Records from a collection:
########################################

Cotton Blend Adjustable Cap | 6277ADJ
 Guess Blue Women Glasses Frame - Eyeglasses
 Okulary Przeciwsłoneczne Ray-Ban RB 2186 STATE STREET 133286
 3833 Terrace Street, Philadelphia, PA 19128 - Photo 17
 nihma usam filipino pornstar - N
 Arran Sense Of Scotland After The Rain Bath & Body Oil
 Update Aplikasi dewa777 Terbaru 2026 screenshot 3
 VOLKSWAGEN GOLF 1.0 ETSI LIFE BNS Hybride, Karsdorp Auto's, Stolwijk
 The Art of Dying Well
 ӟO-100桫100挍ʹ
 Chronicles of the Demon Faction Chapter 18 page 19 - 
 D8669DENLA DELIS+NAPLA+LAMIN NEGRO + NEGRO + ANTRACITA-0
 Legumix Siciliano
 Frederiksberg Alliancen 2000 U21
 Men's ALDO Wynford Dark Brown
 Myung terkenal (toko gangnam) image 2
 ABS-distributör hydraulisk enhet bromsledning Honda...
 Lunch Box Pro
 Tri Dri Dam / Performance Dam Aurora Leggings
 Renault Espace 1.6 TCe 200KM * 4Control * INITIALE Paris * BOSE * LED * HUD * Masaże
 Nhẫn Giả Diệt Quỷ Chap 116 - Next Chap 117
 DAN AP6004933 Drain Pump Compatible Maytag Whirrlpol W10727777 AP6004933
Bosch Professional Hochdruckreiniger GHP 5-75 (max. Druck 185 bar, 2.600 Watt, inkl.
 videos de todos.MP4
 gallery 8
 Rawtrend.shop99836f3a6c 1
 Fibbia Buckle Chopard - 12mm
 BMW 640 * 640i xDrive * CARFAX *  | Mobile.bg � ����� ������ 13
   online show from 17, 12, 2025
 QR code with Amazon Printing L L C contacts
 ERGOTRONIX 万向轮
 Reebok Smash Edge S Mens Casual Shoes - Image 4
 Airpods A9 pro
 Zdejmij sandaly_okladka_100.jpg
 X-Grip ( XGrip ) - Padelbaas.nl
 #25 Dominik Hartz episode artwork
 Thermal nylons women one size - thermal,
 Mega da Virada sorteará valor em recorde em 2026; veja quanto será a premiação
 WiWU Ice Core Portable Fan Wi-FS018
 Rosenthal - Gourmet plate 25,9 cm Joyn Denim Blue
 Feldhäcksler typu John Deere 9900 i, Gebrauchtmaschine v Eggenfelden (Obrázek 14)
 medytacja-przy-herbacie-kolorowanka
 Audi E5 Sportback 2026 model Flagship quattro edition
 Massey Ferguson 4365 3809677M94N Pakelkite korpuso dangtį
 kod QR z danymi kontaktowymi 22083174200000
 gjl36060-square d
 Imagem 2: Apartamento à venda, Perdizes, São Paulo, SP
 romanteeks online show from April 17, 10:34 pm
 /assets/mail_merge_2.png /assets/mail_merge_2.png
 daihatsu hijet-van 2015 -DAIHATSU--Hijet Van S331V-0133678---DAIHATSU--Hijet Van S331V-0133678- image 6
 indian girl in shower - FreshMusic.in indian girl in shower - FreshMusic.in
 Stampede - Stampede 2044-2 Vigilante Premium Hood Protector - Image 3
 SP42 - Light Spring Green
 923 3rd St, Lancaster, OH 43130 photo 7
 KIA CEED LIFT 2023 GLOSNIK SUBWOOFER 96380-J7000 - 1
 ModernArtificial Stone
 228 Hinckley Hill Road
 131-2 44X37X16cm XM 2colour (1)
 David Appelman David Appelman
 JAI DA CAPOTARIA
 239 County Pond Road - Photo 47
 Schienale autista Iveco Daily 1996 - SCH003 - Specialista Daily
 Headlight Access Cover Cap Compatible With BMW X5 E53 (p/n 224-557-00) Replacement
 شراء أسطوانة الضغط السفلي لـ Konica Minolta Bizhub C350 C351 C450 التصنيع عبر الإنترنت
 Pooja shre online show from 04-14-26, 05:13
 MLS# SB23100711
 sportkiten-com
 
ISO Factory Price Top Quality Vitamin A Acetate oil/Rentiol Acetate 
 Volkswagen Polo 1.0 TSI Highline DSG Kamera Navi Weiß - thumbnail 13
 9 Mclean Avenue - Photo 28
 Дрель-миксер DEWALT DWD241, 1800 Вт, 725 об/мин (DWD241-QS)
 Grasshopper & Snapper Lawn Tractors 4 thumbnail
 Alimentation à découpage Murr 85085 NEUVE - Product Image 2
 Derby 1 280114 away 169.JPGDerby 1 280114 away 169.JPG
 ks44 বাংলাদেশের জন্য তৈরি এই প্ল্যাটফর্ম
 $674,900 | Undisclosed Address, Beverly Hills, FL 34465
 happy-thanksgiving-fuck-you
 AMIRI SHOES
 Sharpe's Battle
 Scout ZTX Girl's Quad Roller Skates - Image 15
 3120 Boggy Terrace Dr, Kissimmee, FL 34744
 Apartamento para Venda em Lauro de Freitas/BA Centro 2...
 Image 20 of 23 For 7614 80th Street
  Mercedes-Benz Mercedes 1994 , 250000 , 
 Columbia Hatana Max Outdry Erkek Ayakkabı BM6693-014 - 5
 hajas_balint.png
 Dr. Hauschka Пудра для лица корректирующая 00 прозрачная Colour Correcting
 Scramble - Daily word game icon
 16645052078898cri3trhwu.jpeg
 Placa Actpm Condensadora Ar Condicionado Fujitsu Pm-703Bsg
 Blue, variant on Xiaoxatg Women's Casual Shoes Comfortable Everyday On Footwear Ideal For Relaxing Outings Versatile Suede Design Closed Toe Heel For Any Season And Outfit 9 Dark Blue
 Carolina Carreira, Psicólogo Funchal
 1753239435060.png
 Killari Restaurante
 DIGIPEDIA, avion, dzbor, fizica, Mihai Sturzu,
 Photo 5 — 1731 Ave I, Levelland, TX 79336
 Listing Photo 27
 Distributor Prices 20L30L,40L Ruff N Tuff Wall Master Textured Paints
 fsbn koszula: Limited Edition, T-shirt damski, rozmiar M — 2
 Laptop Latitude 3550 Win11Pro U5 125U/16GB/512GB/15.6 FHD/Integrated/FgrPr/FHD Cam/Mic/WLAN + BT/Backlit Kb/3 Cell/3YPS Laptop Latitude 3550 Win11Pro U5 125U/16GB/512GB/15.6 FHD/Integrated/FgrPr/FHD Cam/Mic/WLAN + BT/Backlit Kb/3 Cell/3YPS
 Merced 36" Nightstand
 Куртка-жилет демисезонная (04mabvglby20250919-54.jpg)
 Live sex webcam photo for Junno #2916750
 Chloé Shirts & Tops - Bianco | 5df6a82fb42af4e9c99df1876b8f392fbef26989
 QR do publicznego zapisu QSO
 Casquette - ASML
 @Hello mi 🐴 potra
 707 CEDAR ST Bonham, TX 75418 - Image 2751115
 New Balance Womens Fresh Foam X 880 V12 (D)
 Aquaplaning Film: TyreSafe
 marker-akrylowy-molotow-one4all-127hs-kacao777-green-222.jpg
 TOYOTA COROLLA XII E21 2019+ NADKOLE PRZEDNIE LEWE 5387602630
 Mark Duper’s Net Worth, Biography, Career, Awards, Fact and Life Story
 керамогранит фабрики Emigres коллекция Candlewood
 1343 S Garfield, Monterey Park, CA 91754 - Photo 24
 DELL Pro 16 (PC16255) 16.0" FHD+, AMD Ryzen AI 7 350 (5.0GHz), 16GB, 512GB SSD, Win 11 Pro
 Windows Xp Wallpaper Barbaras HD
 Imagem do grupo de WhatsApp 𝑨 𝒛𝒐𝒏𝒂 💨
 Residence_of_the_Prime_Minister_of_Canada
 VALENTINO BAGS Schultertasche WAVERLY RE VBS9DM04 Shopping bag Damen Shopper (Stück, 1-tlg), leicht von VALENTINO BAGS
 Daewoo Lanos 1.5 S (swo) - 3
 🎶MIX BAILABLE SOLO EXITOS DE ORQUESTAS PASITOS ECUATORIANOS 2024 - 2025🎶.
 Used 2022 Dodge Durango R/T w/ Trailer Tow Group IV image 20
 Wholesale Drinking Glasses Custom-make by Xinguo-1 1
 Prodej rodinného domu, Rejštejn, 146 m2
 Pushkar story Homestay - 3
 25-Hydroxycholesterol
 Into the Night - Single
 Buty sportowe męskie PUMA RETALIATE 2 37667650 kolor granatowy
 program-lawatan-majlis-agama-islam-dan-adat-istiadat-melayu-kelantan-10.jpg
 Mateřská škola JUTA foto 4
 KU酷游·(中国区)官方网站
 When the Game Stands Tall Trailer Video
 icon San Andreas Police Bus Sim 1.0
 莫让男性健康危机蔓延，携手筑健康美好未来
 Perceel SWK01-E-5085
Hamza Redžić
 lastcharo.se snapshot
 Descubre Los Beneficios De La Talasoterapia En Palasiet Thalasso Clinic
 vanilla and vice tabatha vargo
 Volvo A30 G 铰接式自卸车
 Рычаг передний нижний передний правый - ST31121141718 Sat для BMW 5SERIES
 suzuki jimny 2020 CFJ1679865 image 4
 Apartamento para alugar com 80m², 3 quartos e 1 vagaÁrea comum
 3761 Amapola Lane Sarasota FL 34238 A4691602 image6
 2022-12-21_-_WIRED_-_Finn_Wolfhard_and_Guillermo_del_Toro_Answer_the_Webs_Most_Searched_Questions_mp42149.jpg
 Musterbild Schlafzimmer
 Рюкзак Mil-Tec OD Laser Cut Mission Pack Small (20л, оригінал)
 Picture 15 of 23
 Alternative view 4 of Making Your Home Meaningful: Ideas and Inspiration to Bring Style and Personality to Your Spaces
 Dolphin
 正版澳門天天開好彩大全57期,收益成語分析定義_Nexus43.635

########################################

> [WHAT IS REQUIRED]
Could you retype exactly the lines above, starting at the line that contains "Schienale autista Iveco" and ending at the line that contains "Scout ZTX Girl's", and nothing more?

> [SOLUTION]
 Schienale autista Iveco Daily 1996 - SCH003 - Specialista Daily
 Headlight Access Cover Cap Compatible With BMW X5 E53 (p/n 224-557-00) Replacement
 شراء أسطوانة الضغط السفلي لـ Konica Minolta Bizhub C350 C351 C450 التصنيع عبر الإنترنت
 Pooja shre online show from 04-14-26, 05:13
 MLS# SB23100711
 sportkiten-com
 
ISO Factory Price Top Quality Vitamin A Acetate oil/Rentiol Acetate 
 Volkswagen Polo 1.0 TSI Highline DSG Kamera Navi Weiß - thumbnail 13
 9 Mclean Avenue - Photo 28
 Дрель-миксер DEWALT DWD241, 1800 Вт, 725 об/мин (DWD241-QS)
 Grasshopper & Snapper Lawn Tractors 4 thumbnail
 Alimentation à découpage Murr 85085 NEUVE - Product Image 2
 Derby 1 280114 away 169.JPGDerby 1 280114 away 169.JPG
 ks44 বাংলাদেশের জন্য তৈরি এই প্ল্যাটফর্ম
 $674,900 | Undisclosed Address, Beverly Hills, FL 34465
 happy-thanksgiving-fuck-you
 AMIRI SHOES
 Sharpe's Battle
 Scout ZTX Girl's Quad Roller Skates - Image 15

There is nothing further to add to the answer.